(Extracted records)
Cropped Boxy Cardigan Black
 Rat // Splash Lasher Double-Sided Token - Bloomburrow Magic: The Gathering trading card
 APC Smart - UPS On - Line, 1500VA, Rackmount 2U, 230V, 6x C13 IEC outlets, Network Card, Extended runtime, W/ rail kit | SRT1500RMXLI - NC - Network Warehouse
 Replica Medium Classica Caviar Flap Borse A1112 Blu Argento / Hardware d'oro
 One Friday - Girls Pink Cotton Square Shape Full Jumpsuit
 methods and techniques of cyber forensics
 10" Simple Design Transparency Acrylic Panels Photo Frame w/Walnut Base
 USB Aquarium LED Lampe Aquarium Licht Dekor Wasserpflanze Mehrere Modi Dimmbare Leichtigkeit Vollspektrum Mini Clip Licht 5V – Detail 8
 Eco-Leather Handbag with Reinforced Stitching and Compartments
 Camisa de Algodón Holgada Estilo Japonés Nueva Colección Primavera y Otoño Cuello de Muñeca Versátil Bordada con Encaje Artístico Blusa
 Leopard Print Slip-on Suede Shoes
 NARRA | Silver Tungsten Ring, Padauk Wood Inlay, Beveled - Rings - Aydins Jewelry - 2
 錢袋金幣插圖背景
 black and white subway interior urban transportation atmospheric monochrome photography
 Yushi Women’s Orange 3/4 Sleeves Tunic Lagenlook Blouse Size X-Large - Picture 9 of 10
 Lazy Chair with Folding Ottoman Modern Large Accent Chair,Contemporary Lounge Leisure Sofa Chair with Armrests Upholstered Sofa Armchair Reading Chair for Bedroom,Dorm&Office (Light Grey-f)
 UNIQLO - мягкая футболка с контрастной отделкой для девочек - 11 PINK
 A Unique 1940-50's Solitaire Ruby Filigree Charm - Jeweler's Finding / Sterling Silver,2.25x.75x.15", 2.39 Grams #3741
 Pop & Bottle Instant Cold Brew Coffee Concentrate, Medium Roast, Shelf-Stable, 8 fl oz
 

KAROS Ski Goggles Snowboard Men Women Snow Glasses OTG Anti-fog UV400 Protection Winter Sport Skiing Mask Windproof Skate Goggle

## Task statement:
There is a run of lines above from the one with "Camisa de Algodón" to the one with "A Unique 1940-50's"; print exactly that run, both ends included, and nothing else.

## Exercise response:
 Camisa de Algodón Holgada Estilo Japonés Nueva Colección Primavera y Otoño Cuello de Muñeca Versátil Bordada con Encaje Artístico Blusa
 Leopard Print Slip-on Suede Shoes
 NARRA | Silver Tungsten Ring, Padauk Wood Inlay, Beveled - Rings - Aydins Jewelry - 2
 錢袋金幣插圖背景
 black and white subway interior urban transportation atmospheric monochrome photography
 Yushi Women’s Orange 3/4 Sleeves Tunic Lagenlook Blouse Size X-Large - Picture 9 of 10
 Lazy Chair with Folding Ottoman Modern Large Accent Chair,Contemporary Lounge Leisure Sofa Chair with Armrests Upholstered Sofa Armchair Reading Chair for Bedroom,Dorm&Office (Light Grey-f)
 UNIQLO - мягкая футболка с контрастной отделкой для девочек - 11 PINK
 A Unique 1940-50's Solitaire Ruby Filigree Charm - Jeweler's Finding / Sterling Silver,2.25x.75x.15", 2.39 Grams #3741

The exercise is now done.